Caching can dramatically improve the performance of your ASP.NET MVC project and adding support for ETag can give even more still.

When you are building an app with plenty of generated content its a no-brainer to add Caching, this can be done using the OutputCacheAttribute, for example

[OutputCache(
    Duration = 3600,
    Location = OutputCacheLocation.ServerAndClient, 
    VaryByParam="id; thumb")]
public ActionResult PersonPhoto(int id, bool thumb)

This will store the output from this method on the server for 3600 seconds, it will also tell the browser to store the response in the browsers cache for the same amount of time. The problem here is when I update my Photo, none of the client browsers will ask for an update until the 3600 time is up. You can clear the cache on the server, which means new client requests will get the new photo, but clients which have cached the response will still be out of date.

What you need to do is;

  1. Tell the client to cache the photo and an ETag for unique version identification
  2. The client will then make a request, returning the ETag to the server
  3. The server will check the date against the cache
  4. If no change has been made it need not return the data again - just a "304 - Not Modified" response.
  5. If there is a change send the new response with a new ETag

IfModifiedAttribute

This is an attribute which you can use in the same way as OutputCache, only it will server cache your output on the first call and check subsequent requests for the "If-None-Match" header (which will contain the client cached ETag), responding appropriately.

[IfModified("PersonPhoto", "id")]
public ActionResult PersonPhoto(int id, bool thumb)

The arguments form a key under which all the calls will be cached, in this case a dependency will be created for each unique combination of "PersonPhoto" and the value of "Id". (for example Person_223, where 223 is an id)

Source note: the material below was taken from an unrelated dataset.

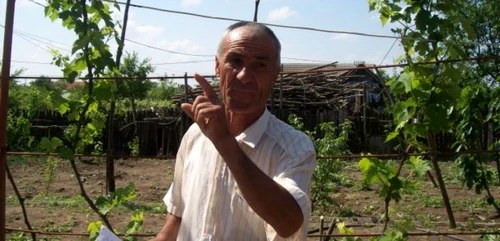 Consilierul local din comuna Mârşani susţine că edilul l-a obligat să îl masturbeze în biroul acestuia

The cached result can then be released by calling the Cache.Modified extension when you update dependent data, for example in the post action method...

[HttpPost]
public ActionResult PersonPhoto(
        int id,
        HttpPostedFileWrapper photo) {
    if (ModelState.IsValid) {
        var client = new PersonServiceClient();

        client.SavePhoto(id, photo.Resize(200, 200));
        HttpContext.Cache.Modified("PersonPhoto", id);
    }

    return View();
}

This means that you don't need to choose a duration for the cache, as the clients will always check with the server on each call and only when there is a change will they receive a new response.

Fiddling

The following output from Fiddler where both the page and image methods decorated with the IfModifiedAttribute.

looking at the figures for the first call to the image

Bytes Sent: 858 (headers:858; body:0)
Bytes Received: 80,864 (headers:392; body:80472)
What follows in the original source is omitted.